I'm having this weird problem which I have no idea how to solve and I would appreciate some help...
I'm running Windows 7 on multiple locally connected machines, which have MPICH (version 1.4.1p1) installed. I have checked that the standard cpi.exe example works on each machine. However, when testing it on multiple machines, I find a weird problem. Suppose I have three machines: localhost, HOST1, HOST2.
If I execute the following commands (from localhost)

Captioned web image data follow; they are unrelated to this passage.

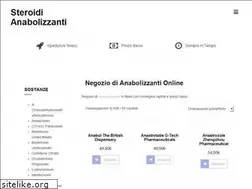 Sites similar to steroidi-anabolizzanti.net.ua
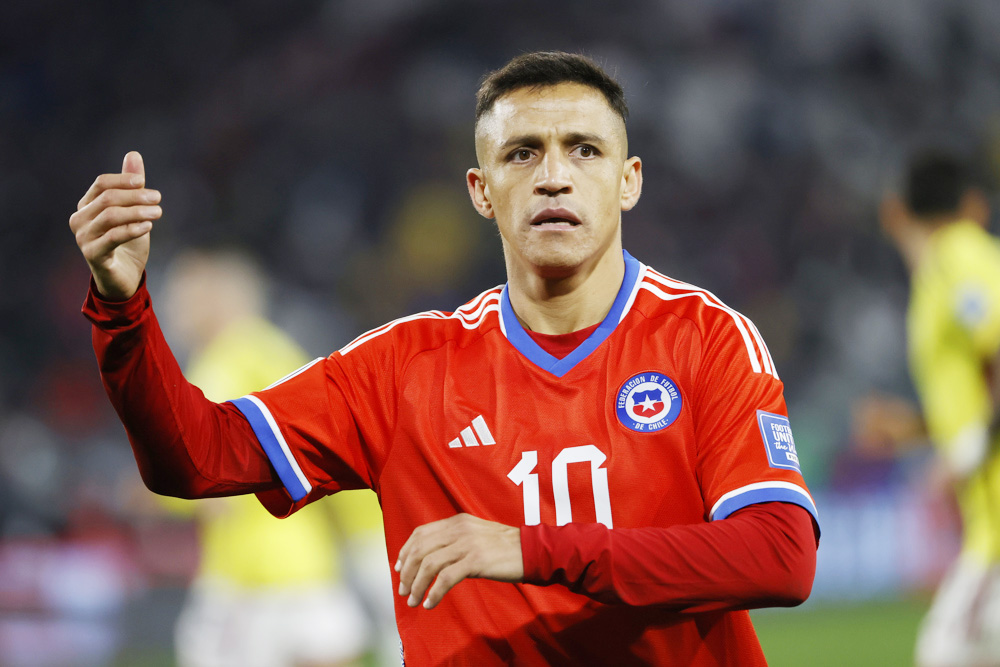 Sánchez, el único vigente en Europa de la generación bicampeona, a su sexta Copa América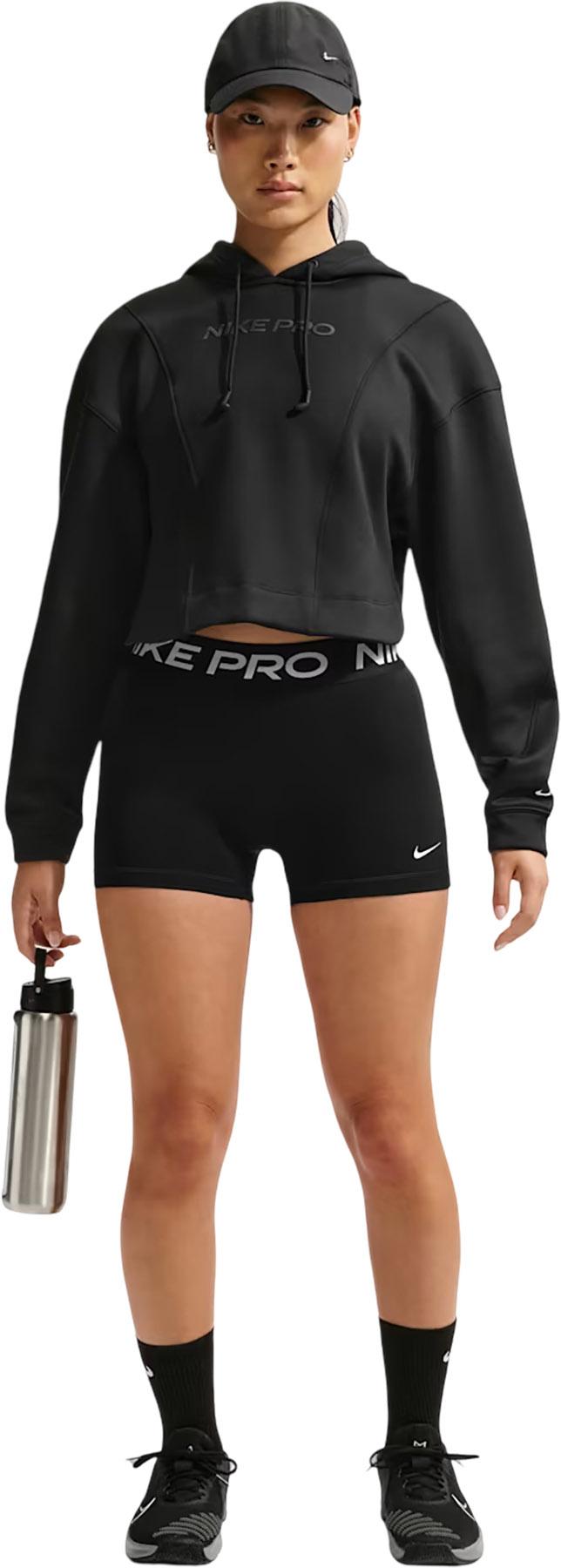 Numéro de l'image de la galerie de produits 5 pour le produit Short de vélo taille mi-haute Nike Pro 3" - Femme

mpiexec -n 2 -host HOST1 .\cpi.exe
mpiexec -n 2 -host HOST2 .\cpi.exe
mpiexec -n 2 -host HOST1 .\cpi.exe : -n 2 -host HOST2 .\cpi.exe
then they executes fine. However, if I swap the order of the hosts around from the last one, i.e
mpiexec -n 2 -host HOST2 .\cpi.exe : -n 2 -host HOST1 .\cpi.exe
then I get the following error:
Fatal error in PMPI_Bcast: Other MPI error, error stack:
PMPI_Bcast(1478)......................: MPI_Bcast(buf=0018FE48, count=1, MPI_INT
, root=0, MPI_COMM_WORLD) failed
MPIR_Bcast_impl(1321).................:
MPIR_Bcast_intra(1119)................:
MPIR_Bcast_scatter_ring_allgather(962):
MPIR_Bcast_binomial(213)..............: Failure during collective
MPIR_Bcast_scatter_ring_allgather(955):
MPIR_Bcast_binomial(189)..............:
MPIC_Send(66).........................:
MPIC_Wait(540)........................:
MPIDI_CH3I_Progress(402)..............:
MPID_nem_mpich2_blocking_recv(905)....:
MPID_nem_newtcp_module_poll(37).......:
MPID_nem_newtcp_module_connpoll(2656).:
gen_cnting_fail_handler(1739).........: connect failed - The semaphore timeout p
eriod has expired.
(errno 121)
In this latter case, if I turn the firewall off on HOST2, then it works. Unfortunately I have very little experience with firewalls and networking in general so I don't know how to resolve this.
The only thing I can figure out is that it's failing on the first collective MPI call (broadcast).
Please help!